_Your task_:
Pictures are to be omitted. Output only the lines from the one containing "4/8PCS Replacement Brush" through the end of the data, word for word.

_Dataset content_:
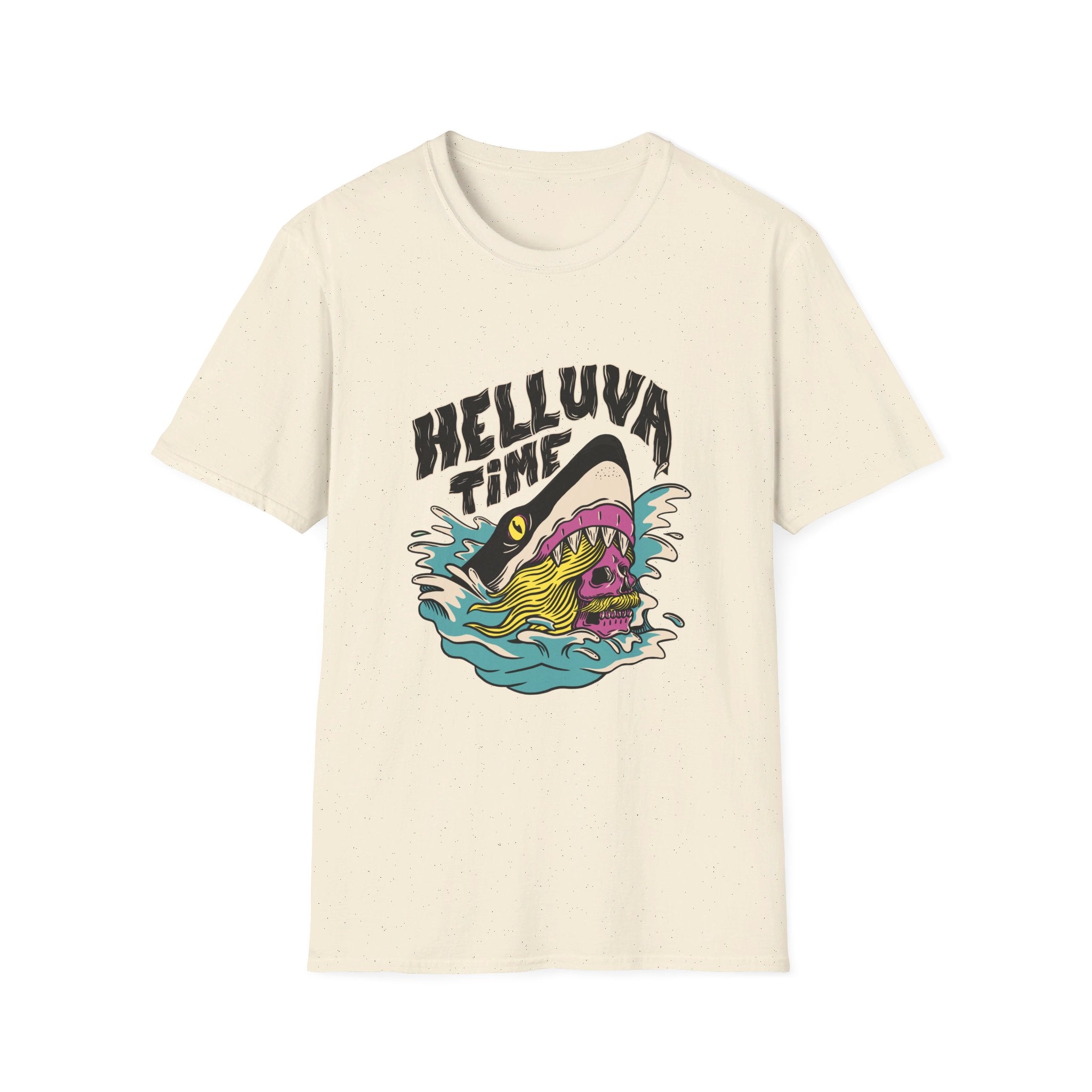 Helluva Time Skull in Shark - Summer Skulls - Front Design - Premium Bio Unisex T-Shirt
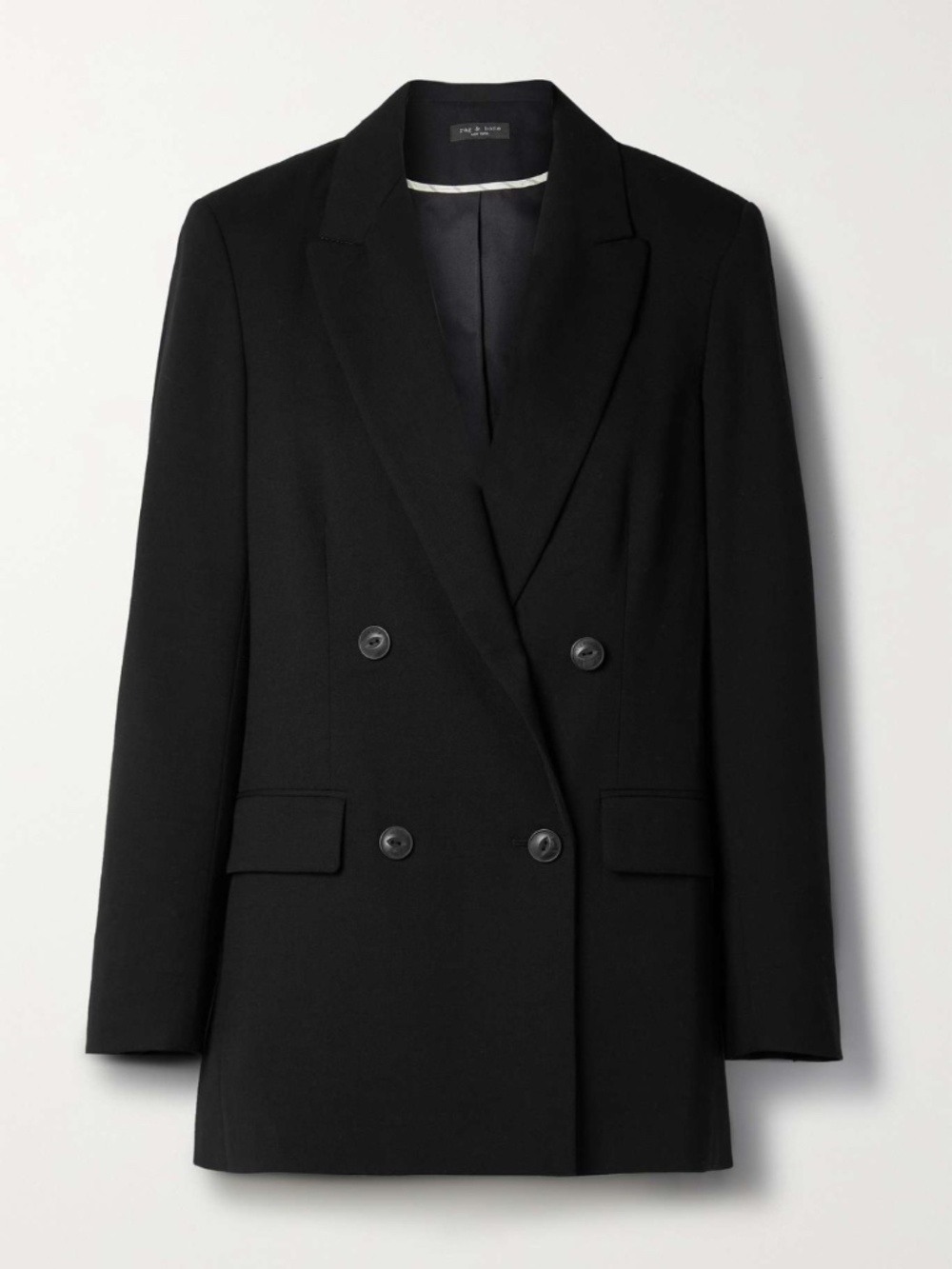 NEW Rag & Bone Icons Andie Wool Blend Twill Blazer Black 2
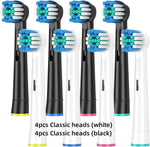 4/8PCS Replacement Brush Heads for Oral B Electric Toothbrushes Floss Cross Action 3D Pro White Precision Standard Daily Clean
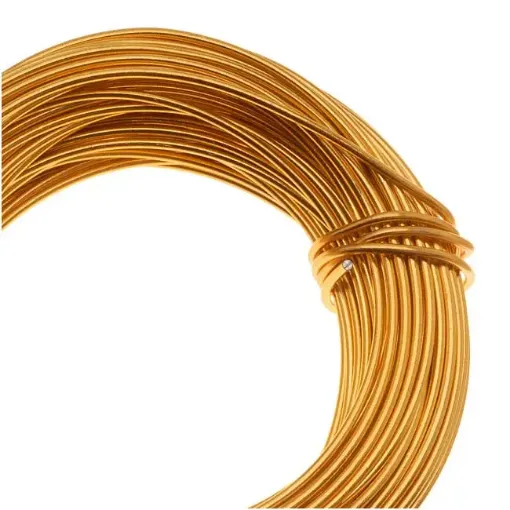 Imagen de Alambre de aluminio flexible de 1.5mm de espesor en rollo de 85mts 500grs color oro dorado
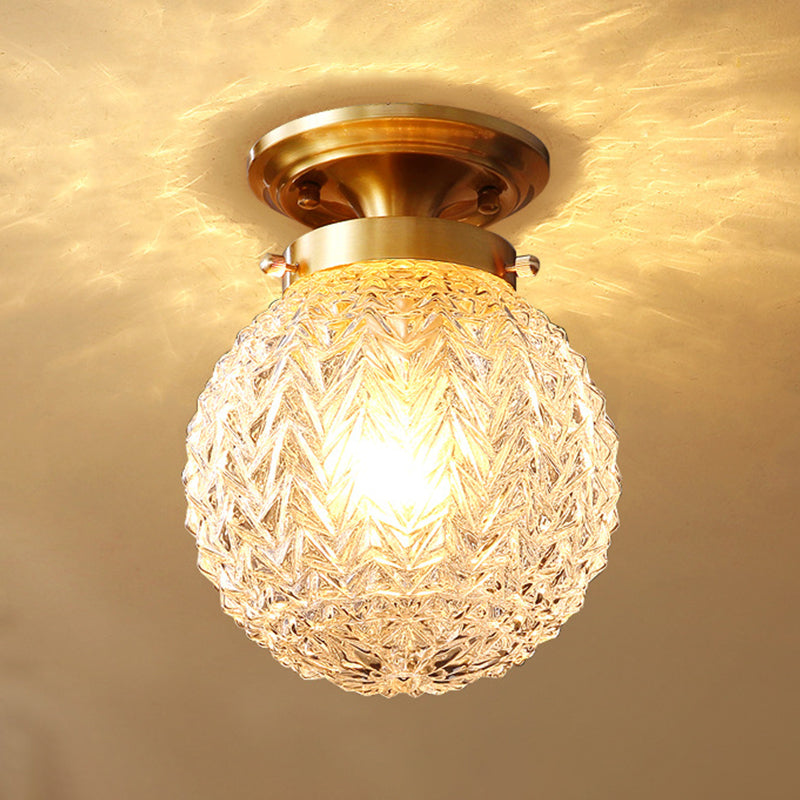 Glass Shaded Close to Ceiling Lighting Vintage-Style Aisle Close to Ceiling Light in Gold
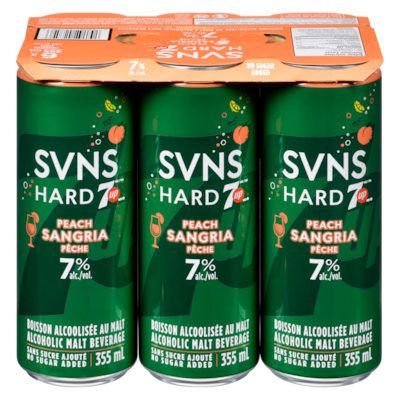 SVNS Alcoholic Malt Beverage Peach Sangria (ID required at pick-up) 6x355.0 ml, $0.75/100ml
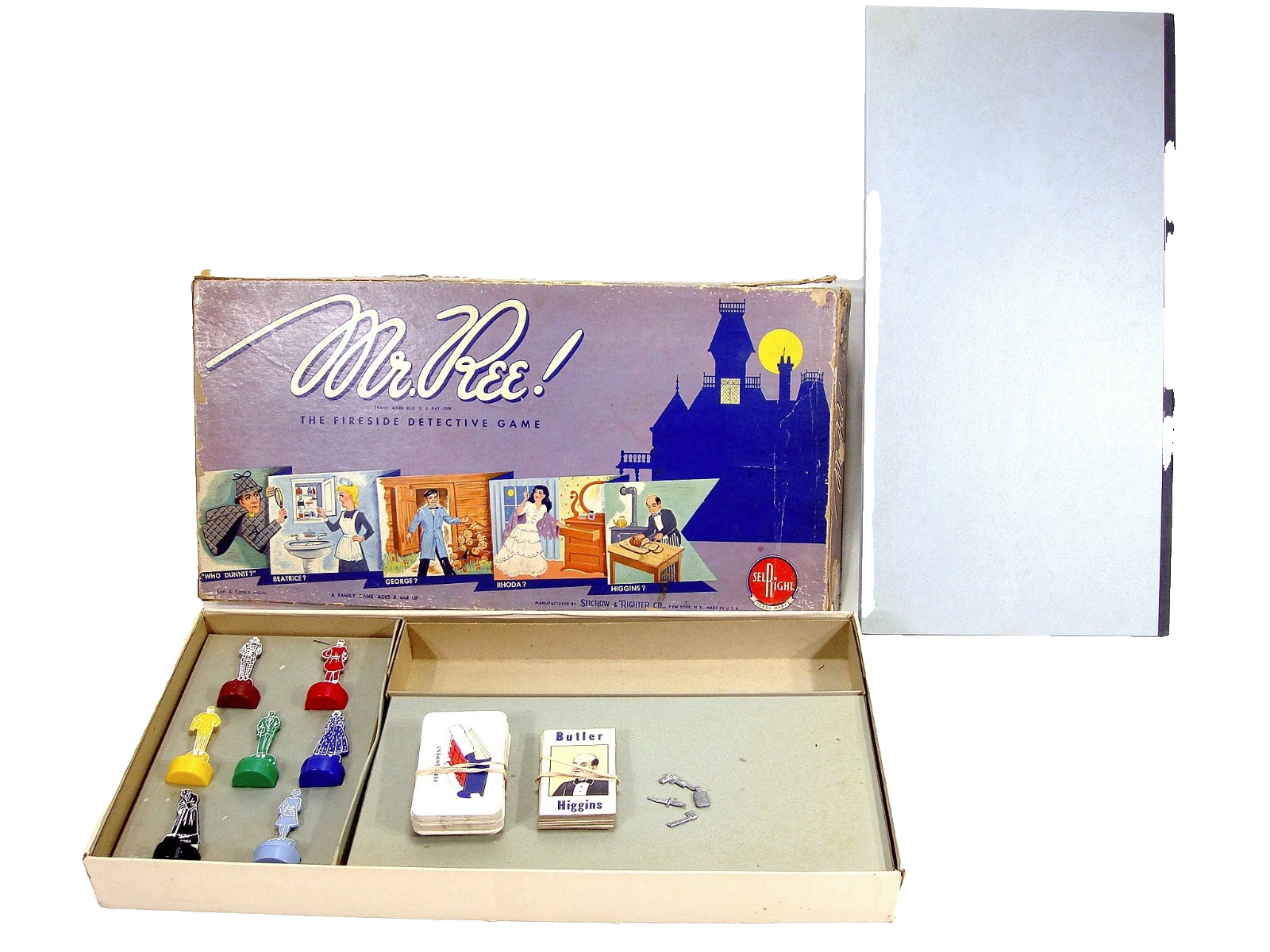 1957 Mr Ree Board Game Selchow Richter Fireside Detective Complete Clues Mystery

_Task result_:
 4/8PCS Replacement Brush Heads for Oral B Electric Toothbrushes Floss Cross Action 3D Pro White Precision Standard Daily Clean
 Imagen de Alambre de aluminio flexible de 1.5mm de espesor en rollo de 85mts 500grs color oro dorado
 Glass Shaded Close to Ceiling Lighting Vintage-Style Aisle Close to Ceiling Light in Gold
 SVNS Alcoholic Malt Beverage Peach Sangria (ID required at pick-up) 6x355.0 ml, $0.75/100ml
 1957 Mr Ree Board Game Selchow Richter Fireside Detective Complete Clues Mystery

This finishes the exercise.